Im England der endenden 70er und beginnenden 80er Jahre des vorherigen Jahrhunderts motivierte unter anderem die Musik der damals noch recht neuen Bands SAXON und IRON MAIDEN unzählige junge Menschen dazu, eine Band zu gründen. Diese zumeist seit Kindheit an miteinander befreundeten, mehrheitlich männlichen Jugendlichen, die mit der Musik von LED ZEPPELIN, DEEP PURPLE, BLACK SABBATH und JUDAS PRIEST aufgewachsen waren, träumten vom schnellen Ruhm und großen Geld.
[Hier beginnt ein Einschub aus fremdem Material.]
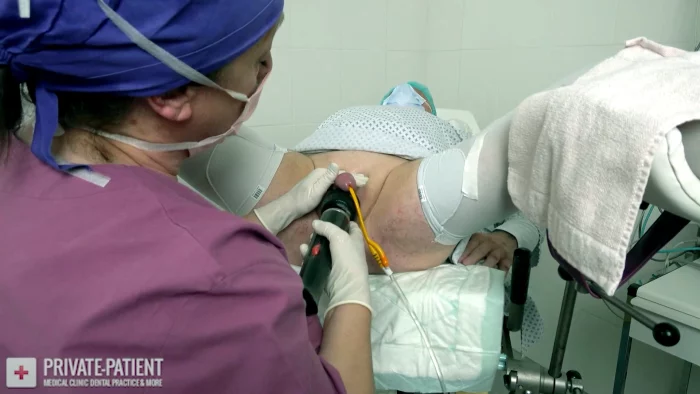 More Gloves 06 - PRIVATE-PATIENT - MP4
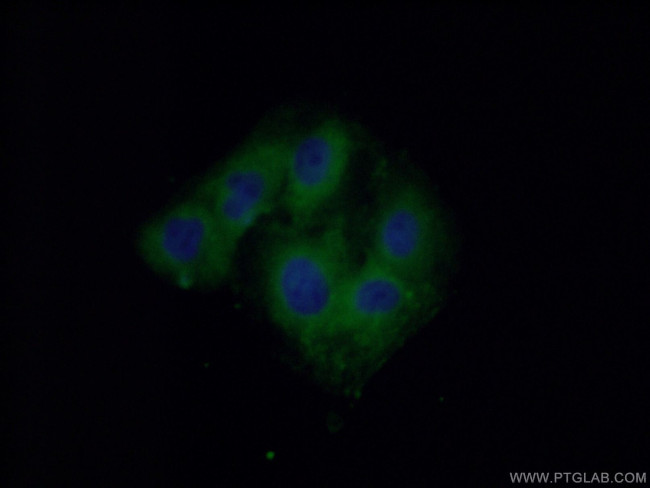 SACM1L Antibody in Immunocytochemistry (ICC/IF)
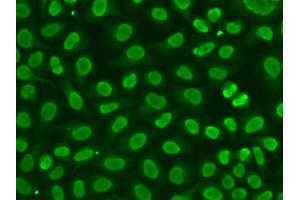 Immunofluorescence analysis of HeLa cells using FEN1 antibody. (FEN1 抗体)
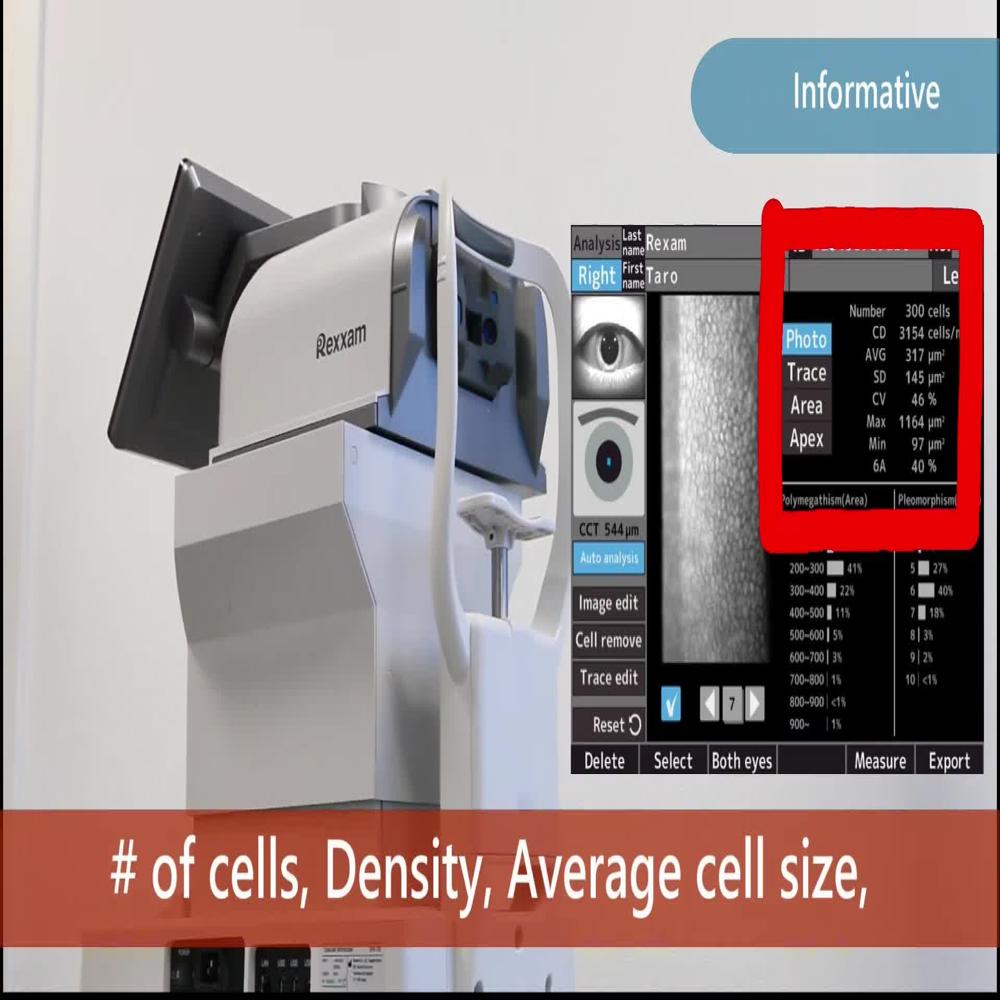 Rexxam Specular Microscope Spm 700 - Color: White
Aber zumeist bereits kurze Zeit später, wenn sie Glück hatten nach ein paar Singles und Samplerbeiträgen, war der Traum geplatzt und man musste sich eingestehen,  dass der Erfolg ausbleiben würde, das Geld nicht auf der Straße liegt und man vielleicht doch besser als Coverband weitermacht, sich dem erfolgreich aufkommenden Synthie-Pop a la DURAN DURAN zuwendet, oder einfach gleich ganz die Musik aufgibt.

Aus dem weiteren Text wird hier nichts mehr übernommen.